Question

If 1.00 mol of argon is placed in a 0.500-L container at 27.0 degree C , what is the difference between the ideal pressure (as predicted by the ideal gas law) and the real pressure (as predicted by the van der Waals equation)? For argon, a=1.345(L2⋅atm)/mol2 and b=0.03219L/mol.

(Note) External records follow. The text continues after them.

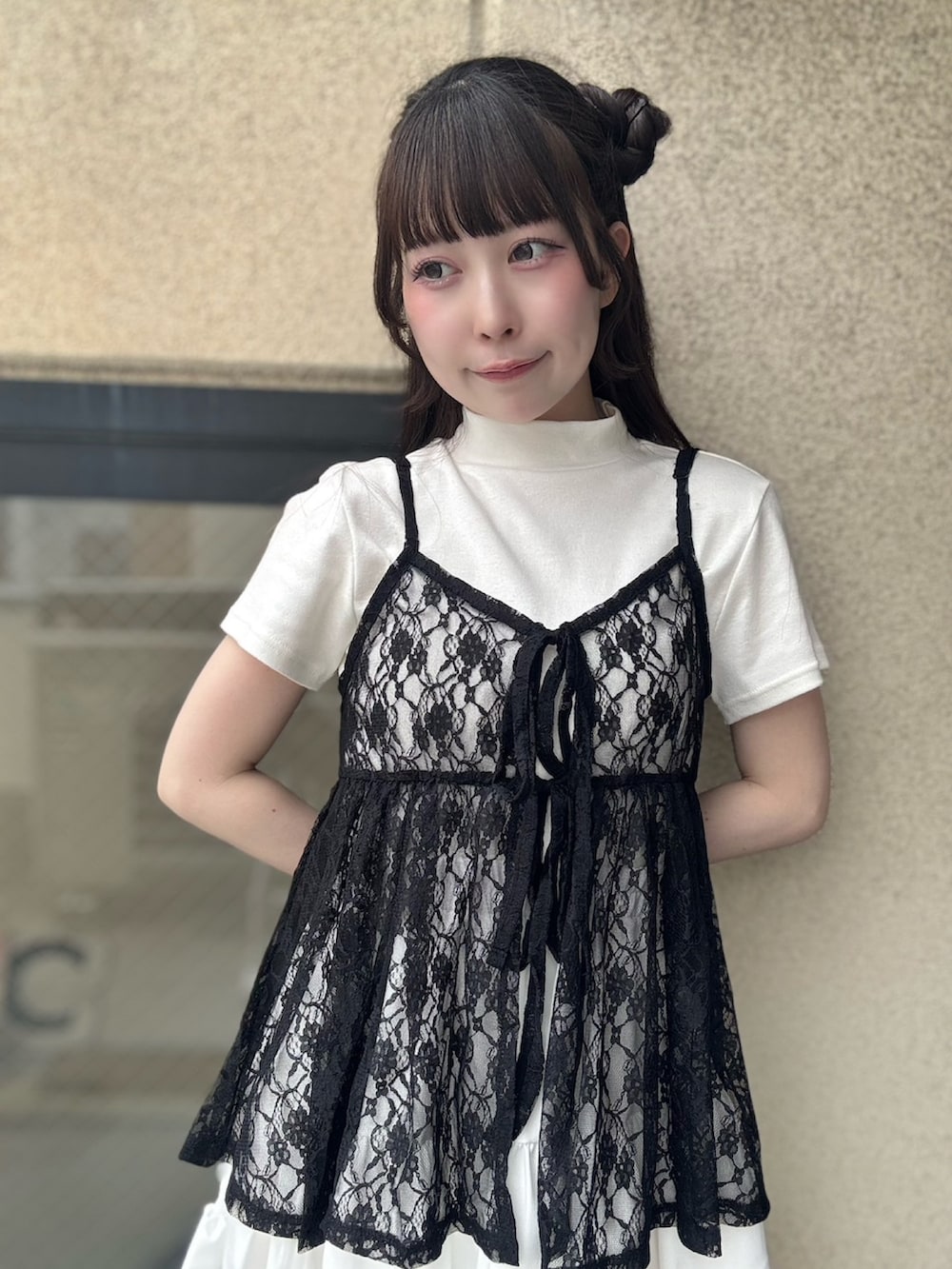 ホワイト系のスカート、ブラック系のワンピース、ホワイト系のTシャツ/カットソーを着用したレディースの夏コーディネートの4枚目の写真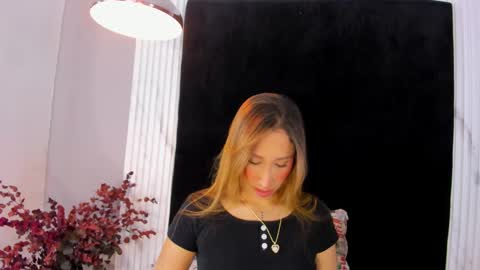 MONIK FOX online show from September 17, 2025, 7:59 pm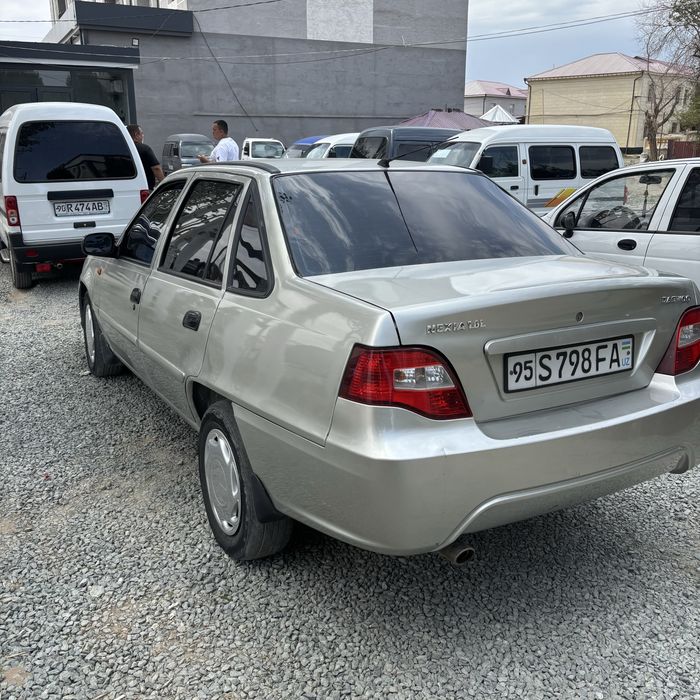 Neksiya 2 1,6 luks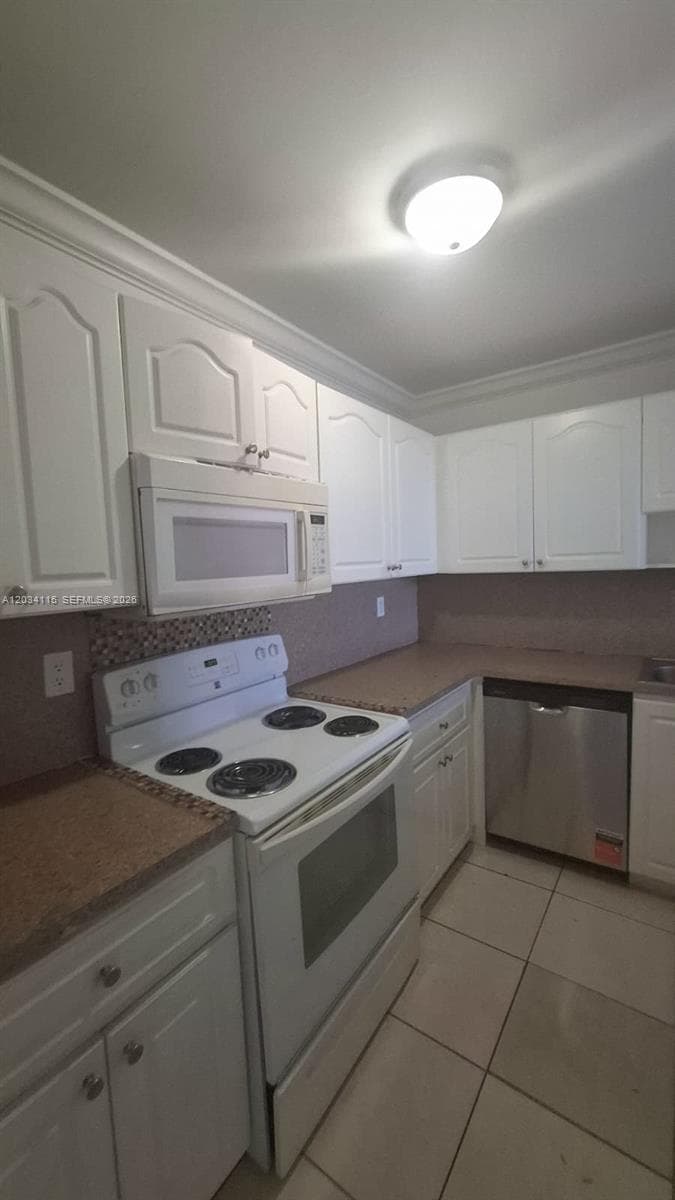 6940 Miami Gardens Dr # 1-522, Hialeah FL 33015 photo 3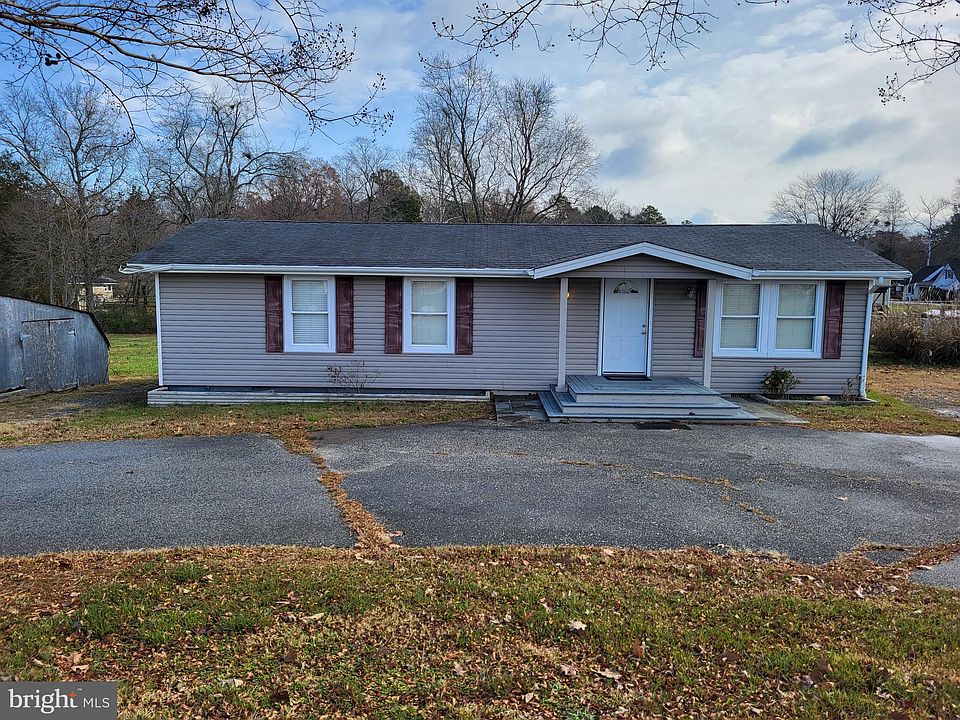 2nd image of 21750 Chancellors Run Rd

Express your answer to two significant figures and include the appropriate units.

Answer 1

Answer:

2.0 atm is the difference between the ideal pressure and  the real pressure.

Explanation:

If 1.00 mole of argon is placed in a 0.500-L container at 27.0 °C

Moles of argon = n = 1.00 mol

Volume of the container,V  = 0.500 L

Ideal pressure of the gas = P

Temperature of the gas,T = 27 °C = 300.15 K[/tex]

Using ideal gas equation:

$PV=nRT$

$P=\frac{1.00 mol\times 0.0821 L atm/mol K\times 300.15 K}{0.500 L}=49.28 atm$

Vander wall's of equation of gases:

The real pressure of the gas= $p_v$

For argon:

$a=1.345 L^2 atm/mol^2$

b=0.03219 L/mol.

$(p_v+(\frac{an^2}{V^2})(V-nb)=nRT$

$(p_v+(\frac{(1.345 L^2 atm/mol^2)\times (1.00 mol)^2}{(0.500 L)^2})(0.500 L-1.00 mol\times 0.03219L/mol)=1.00 mol\times 0.0821 L atm/mol K\times 300.15 K$

$p_v = 47.29 atm$

Difference :$p - p_v= 49.28 atm - 47.29 atm = 1.99 atm\approx 2.0 atm$

2.0 atm is the difference between the ideal pressure and  the real pressure.